The second-in-command shook her head.  “If only they had left us alone.  They would have had nothing to fear from us, if they did not take from us, and from our labors.”

“But they did fear,” the giant said.  “That we would do as they did.  Take from them and keep taking.”

“They had everything they could want and beyond,” the captain said.  He turned to his friends and allies.  “How can you have everything and still want more?”

“Let us take it as a warning, friends,” his second said.  “When we come to possess the powers that they have left behind, let us not be as the gods were.”

“But where are they?  Could they have succeeded in building a vessel and escaping?”

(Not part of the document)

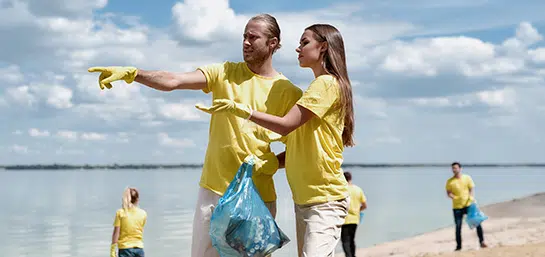 MAPFRE Malta organize clean-up at Ġnejna Bay for Global Volunteering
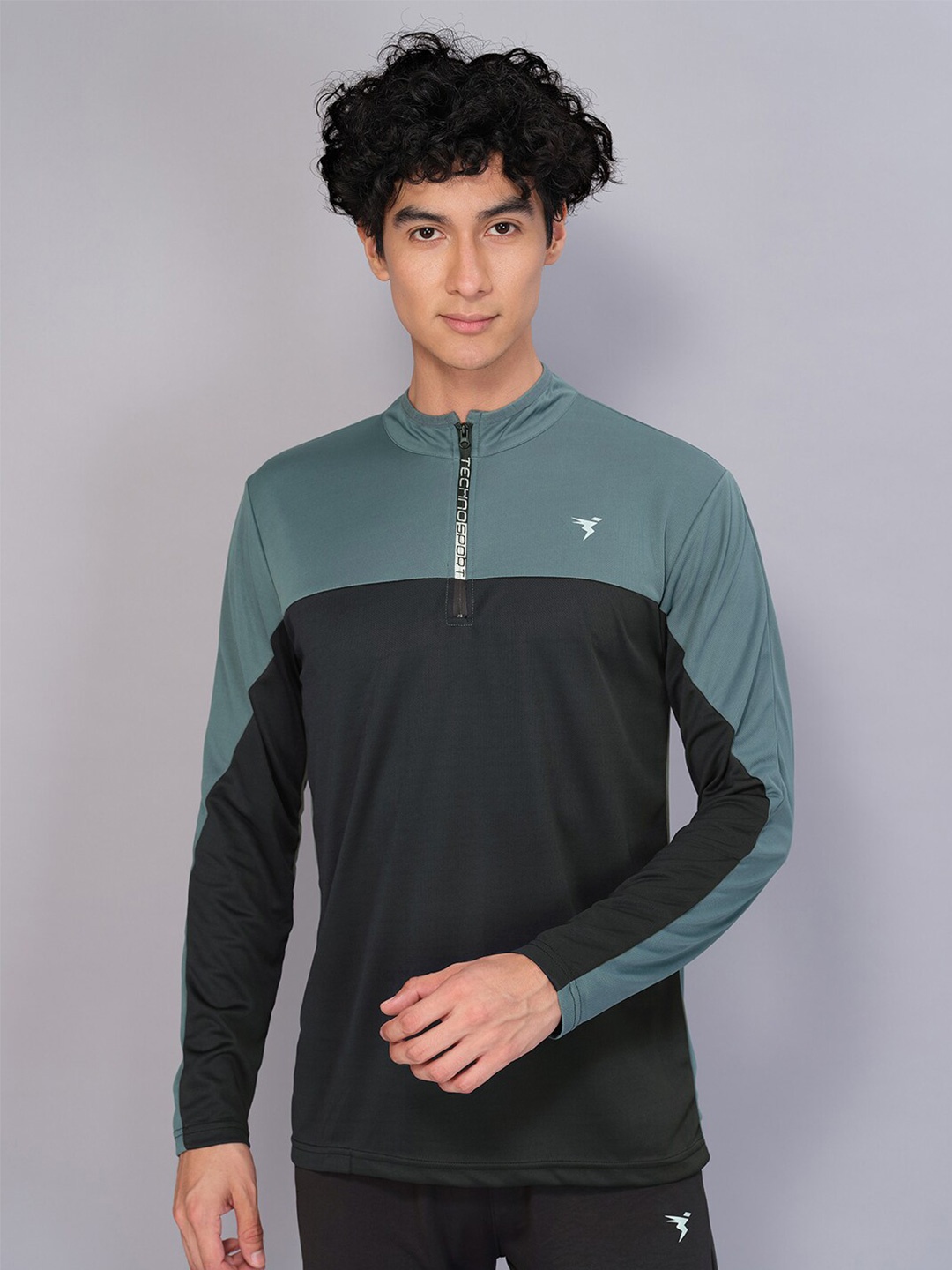 

Technosport Henley Neck Antimicrobial Active T-shirt, Charcoal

The giant engineer shook her head.  “Not if their understanding of flight is reflected in this scroll.”

They further searched the chamber.  And they found the ones who had once called themselves gods. 

In one corner of the vast chamber lay dozens of husks, most covered in lavish trinkets.  One of them had a sword through the chest, the blade slicing through many layers of gray robes.  The rest seemed to lay in repose.  There were oddly constructed objects nearby.  Three planks of wood fastened with nails that were too long.  Plates of metal welded in awkward positions.  They had tried to build the vessel in the giants’ design, the very design that long, long ago had caused the giants to believe that the humans were thieves, and they should go to war.  The gods had tried to build the vessel, but they had failed.  For they had never once built anything themselves.

Those humans and giants who had inherited the work of a long-abandoned but never-forgotten union gathered in that corner of the vast chamber, and gazed down upon the husks.

But their gazes did not linger long, for also within that chamber lay a great work yet to be done.  The gods could not do it.

But the giants and the humans together…they might do it.  They might build a vessel to reach the stars.

Together, they might do a great many things worthy of doing.